What is the Future of Masks?


Sophie Fang

With the COVID-19 pandemic normalizing masks, they might be a permanent part of future daily life. Staff illustration: Sophie Fang.

Annie Stent, Assistant Opinions Editor

Masks: they’ve been a predominant feature on people’s faces since April 2020. We’ve seen bandanas, disposable masks, homemade and store-bought cloth masks. Masks have become so normalized that we often forget they’re even there. But for how much longer?

Mask-wearing has become a quintessential part of American society in order to slow and prevent the spread of COVID-19. The pandemic is still in full force, but with vaccines becoming an option for more and more of the population, the world is taking strides towards a pandemic-free world. According to CNN, the FDA approved 5-11 year olds to receive the Pfizer vaccine is one step closer to this reality. 

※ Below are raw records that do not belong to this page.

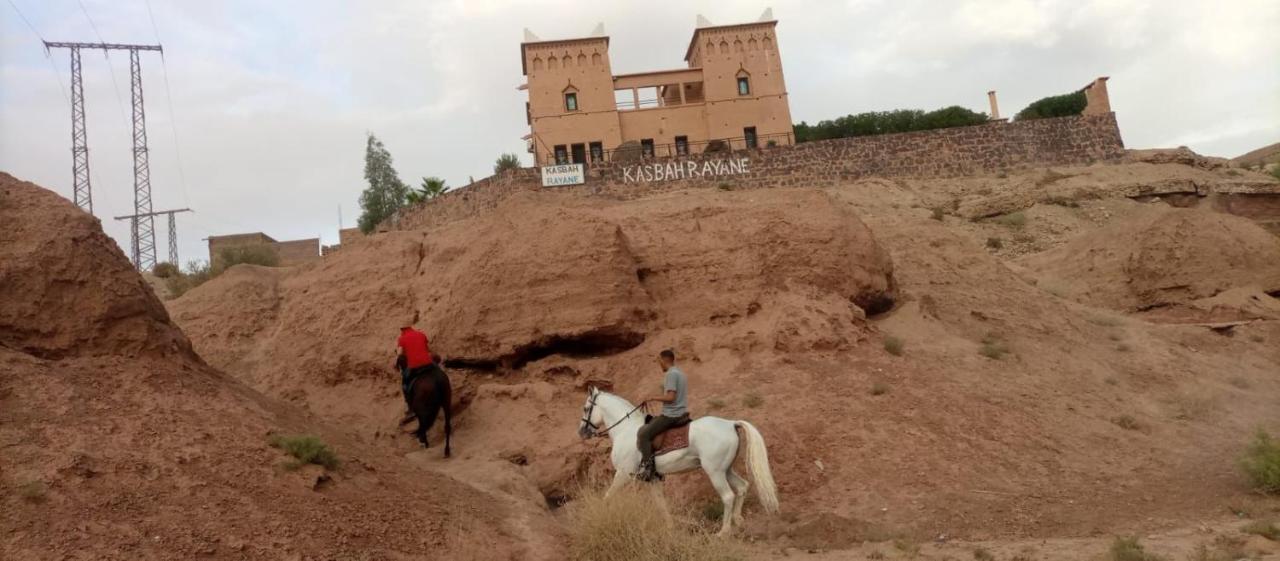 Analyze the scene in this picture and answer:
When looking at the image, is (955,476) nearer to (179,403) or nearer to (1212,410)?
(1212,410)

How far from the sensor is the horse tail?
8.55 metres

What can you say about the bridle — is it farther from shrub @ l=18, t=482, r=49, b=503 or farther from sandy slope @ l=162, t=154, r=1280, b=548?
shrub @ l=18, t=482, r=49, b=503

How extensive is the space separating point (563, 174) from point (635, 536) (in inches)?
1058

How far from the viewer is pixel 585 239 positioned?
44.5 ft

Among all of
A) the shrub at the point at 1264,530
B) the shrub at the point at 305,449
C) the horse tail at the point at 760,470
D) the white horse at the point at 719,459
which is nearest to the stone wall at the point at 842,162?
the white horse at the point at 719,459

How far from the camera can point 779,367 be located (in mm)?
12305

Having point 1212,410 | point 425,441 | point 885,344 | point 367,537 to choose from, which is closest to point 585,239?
point 425,441

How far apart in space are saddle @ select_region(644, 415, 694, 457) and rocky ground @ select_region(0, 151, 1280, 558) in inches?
40.4

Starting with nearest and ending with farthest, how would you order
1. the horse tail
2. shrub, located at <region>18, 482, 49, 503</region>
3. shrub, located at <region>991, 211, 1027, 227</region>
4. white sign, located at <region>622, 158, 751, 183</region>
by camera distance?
1. shrub, located at <region>18, 482, 49, 503</region>
2. the horse tail
3. shrub, located at <region>991, 211, 1027, 227</region>
4. white sign, located at <region>622, 158, 751, 183</region>

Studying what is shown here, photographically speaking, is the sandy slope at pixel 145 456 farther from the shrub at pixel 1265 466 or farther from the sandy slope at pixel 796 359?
the shrub at pixel 1265 466

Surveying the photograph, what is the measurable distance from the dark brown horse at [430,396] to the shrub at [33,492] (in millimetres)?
5736

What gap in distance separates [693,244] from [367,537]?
8.40m

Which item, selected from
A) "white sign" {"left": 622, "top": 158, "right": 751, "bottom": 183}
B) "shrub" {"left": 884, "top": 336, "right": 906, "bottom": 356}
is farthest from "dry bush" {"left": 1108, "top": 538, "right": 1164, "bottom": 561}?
"white sign" {"left": 622, "top": 158, "right": 751, "bottom": 183}

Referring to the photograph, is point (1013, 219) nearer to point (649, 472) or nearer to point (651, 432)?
point (651, 432) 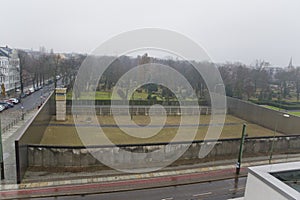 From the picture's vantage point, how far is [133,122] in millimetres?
27953

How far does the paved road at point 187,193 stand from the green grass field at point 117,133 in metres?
7.63

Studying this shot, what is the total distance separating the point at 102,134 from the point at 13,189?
1062cm

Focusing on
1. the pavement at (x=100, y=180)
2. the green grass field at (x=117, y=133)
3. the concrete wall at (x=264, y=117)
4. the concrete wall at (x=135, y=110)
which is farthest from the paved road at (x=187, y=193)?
the concrete wall at (x=135, y=110)

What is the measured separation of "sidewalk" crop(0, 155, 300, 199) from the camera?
1184 cm

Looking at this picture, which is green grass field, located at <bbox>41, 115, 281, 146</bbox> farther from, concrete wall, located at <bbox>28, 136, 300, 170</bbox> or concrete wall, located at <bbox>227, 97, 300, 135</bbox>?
concrete wall, located at <bbox>28, 136, 300, 170</bbox>

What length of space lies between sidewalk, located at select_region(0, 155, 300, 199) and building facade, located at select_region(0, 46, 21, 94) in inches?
1337

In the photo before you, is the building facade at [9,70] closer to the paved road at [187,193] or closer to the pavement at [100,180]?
the pavement at [100,180]

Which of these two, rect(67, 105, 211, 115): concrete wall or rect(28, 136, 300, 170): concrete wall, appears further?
rect(67, 105, 211, 115): concrete wall

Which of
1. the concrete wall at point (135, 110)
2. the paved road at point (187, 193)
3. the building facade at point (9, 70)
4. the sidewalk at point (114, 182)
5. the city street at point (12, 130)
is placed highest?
the building facade at point (9, 70)

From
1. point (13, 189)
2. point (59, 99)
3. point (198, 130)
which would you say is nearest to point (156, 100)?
point (198, 130)

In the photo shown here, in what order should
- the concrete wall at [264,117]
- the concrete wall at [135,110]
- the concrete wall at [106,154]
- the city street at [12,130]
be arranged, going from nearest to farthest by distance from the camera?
1. the city street at [12,130]
2. the concrete wall at [106,154]
3. the concrete wall at [264,117]
4. the concrete wall at [135,110]

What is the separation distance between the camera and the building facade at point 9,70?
41.2m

Masks have proven to slow the spread of COVID-19. According to an article from the University of California, San Francisco, once masks were mandated in 15 states and Washington, D.C., their COVID-19 growth rates dropped from 2% to 0.9%. 

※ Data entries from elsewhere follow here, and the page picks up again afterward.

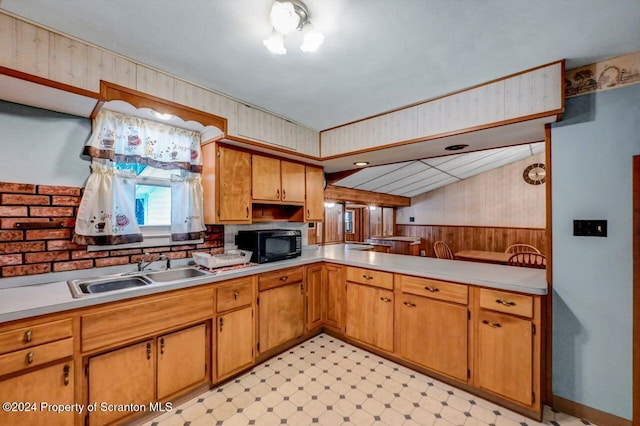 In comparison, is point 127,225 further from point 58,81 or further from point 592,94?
point 592,94

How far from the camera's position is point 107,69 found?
1648mm

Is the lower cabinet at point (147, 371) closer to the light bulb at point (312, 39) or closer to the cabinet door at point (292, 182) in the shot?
the cabinet door at point (292, 182)

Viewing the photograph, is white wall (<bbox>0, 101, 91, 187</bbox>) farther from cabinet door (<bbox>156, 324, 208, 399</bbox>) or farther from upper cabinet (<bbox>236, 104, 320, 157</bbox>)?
cabinet door (<bbox>156, 324, 208, 399</bbox>)

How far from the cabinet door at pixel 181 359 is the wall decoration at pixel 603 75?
3.17m

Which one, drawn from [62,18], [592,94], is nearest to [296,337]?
[62,18]

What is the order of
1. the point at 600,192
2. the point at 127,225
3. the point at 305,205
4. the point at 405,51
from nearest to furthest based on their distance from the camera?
the point at 405,51, the point at 600,192, the point at 127,225, the point at 305,205

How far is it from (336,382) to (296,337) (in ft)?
2.25

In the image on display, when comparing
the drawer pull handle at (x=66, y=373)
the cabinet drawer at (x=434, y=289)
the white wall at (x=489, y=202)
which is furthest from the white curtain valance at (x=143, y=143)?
the white wall at (x=489, y=202)

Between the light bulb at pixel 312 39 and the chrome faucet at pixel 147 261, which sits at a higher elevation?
the light bulb at pixel 312 39

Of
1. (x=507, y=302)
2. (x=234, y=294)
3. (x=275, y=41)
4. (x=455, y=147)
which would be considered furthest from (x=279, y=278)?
(x=455, y=147)

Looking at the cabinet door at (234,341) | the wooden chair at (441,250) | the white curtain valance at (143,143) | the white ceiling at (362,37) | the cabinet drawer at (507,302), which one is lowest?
the cabinet door at (234,341)

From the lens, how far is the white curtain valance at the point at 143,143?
197 centimetres

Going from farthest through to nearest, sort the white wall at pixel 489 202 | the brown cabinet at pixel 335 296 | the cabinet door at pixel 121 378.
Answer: the white wall at pixel 489 202
the brown cabinet at pixel 335 296
the cabinet door at pixel 121 378

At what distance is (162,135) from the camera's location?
2.31 m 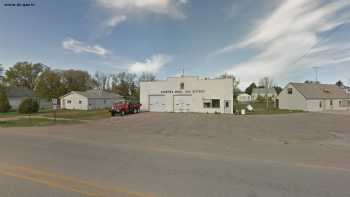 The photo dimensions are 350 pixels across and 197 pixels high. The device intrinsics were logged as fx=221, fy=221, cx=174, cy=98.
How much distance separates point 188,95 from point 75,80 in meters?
46.3

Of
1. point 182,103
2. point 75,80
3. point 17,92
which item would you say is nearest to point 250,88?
point 75,80

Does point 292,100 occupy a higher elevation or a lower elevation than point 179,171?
higher

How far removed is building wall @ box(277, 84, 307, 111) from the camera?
42.3 m

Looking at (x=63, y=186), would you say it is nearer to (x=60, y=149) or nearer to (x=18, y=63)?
(x=60, y=149)

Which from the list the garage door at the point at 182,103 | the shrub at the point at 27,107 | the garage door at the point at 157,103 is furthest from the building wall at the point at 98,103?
the garage door at the point at 182,103

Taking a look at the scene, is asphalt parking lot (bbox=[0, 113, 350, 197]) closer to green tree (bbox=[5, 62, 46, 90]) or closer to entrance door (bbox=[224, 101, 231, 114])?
entrance door (bbox=[224, 101, 231, 114])

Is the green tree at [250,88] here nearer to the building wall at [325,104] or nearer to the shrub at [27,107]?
the building wall at [325,104]

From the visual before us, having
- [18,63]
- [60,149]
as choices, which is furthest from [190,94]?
[18,63]

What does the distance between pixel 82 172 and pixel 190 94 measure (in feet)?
94.3

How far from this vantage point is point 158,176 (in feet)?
17.2

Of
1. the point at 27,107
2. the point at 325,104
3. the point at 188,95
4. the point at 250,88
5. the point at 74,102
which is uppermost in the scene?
the point at 250,88

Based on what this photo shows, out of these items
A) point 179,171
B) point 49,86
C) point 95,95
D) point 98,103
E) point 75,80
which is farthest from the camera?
point 75,80

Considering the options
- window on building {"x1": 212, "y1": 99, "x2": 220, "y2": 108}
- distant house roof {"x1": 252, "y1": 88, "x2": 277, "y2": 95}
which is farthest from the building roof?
distant house roof {"x1": 252, "y1": 88, "x2": 277, "y2": 95}

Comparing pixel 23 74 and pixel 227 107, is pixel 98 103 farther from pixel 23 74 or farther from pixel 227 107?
pixel 23 74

In addition to slowing the spread of COVID-19, masks also impacted the spread of other diseases. The Centers for Disease Control and Prevention recorded 1,316 flu cases between Sept. 2020 and Jan. 2021 in comparison to nearly 130,000 cases in the same span of time the previous year, according to the Harvard School of Public Health. The Harvard School of Public Health attributes this dramatic drop in numbers largely to mask-wearing and social distancing policies. 

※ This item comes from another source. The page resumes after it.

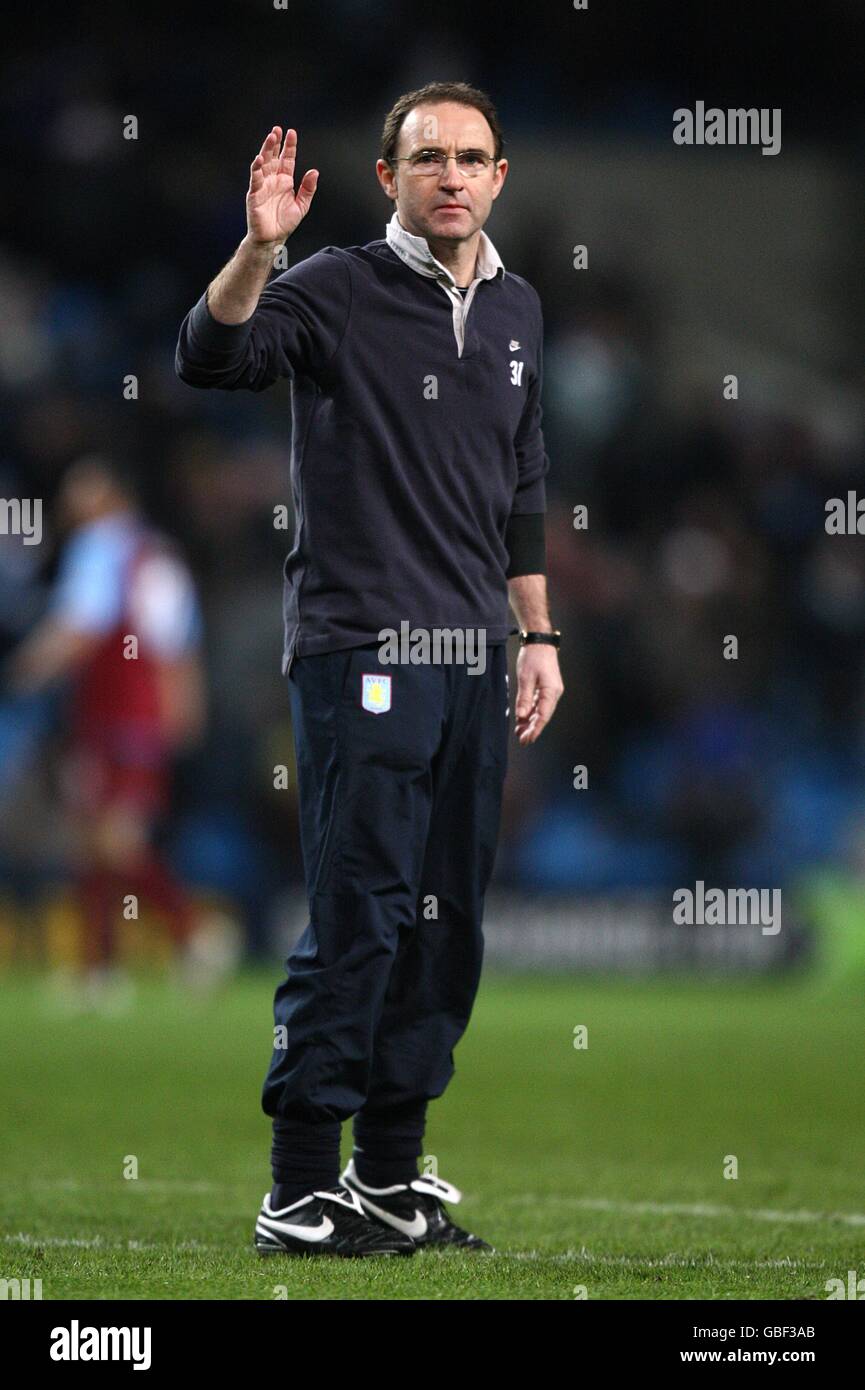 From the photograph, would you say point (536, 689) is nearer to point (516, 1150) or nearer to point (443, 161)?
point (443, 161)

In other parts of the world, wearing face masks was not an anomaly born from COVID-19. According to the Huffington Post, long before the COVID-19 pandemic, many citizens in East Asian countries wore face coverings when they were feeling sick in order to protect those around them. 

Face masks don’t need to necessarily be erased from our lives once the pandemic is over or contained as much as the flu or common cold. Wearing a mask doesn’t cause the wearer or anyone around them harm. In fact, they have proven to do just the opposite, so there isn’t much of a point in eradicating them once we finally get out of the pandemic. 

People shouldn’t have to wear masks to the extent that they are now in future years. However, wearing them in the fall and winter, when cases of the common cold and the flu tend to spike, could — and has — helped to minimize their spread. At the beginning of COVID-19, mask-wearing was accompanied by a stigma of contagion: if someone wore a mask, they were admitting to the rest of the world that they were sick and that they could get others sick as well. At this point, over a year and a half into this pandemic, masks are pretty normalized and are seen as an important way to protect each other. Because of this idea, people won’t associate mask-wearing with sickness but rather an act of protection and safety. 

Masks are a small step that we take every day to protect ourselves from COVID-19 and should continue to be a step we take in the future to protect ourselves from the spread of disease.